DATA EXCERPTS:
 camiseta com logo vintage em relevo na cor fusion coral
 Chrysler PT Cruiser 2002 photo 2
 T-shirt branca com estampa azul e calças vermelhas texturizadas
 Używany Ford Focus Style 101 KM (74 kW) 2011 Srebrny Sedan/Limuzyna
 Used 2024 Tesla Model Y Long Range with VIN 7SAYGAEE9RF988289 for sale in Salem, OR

==

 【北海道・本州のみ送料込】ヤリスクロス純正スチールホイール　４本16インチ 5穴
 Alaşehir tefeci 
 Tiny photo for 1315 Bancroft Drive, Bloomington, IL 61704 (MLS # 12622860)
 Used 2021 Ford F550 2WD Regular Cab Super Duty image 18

ABOUT THIS EXERCISE:
Pick out, from the lines above, every one that contains the string "photo".

RESULT FOR THIS TASK:
 Chrysler PT Cruiser 2002 photo 2
 Tiny photo for 1315 Bancroft Drive, Bloomington, IL 61704 (MLS # 12622860)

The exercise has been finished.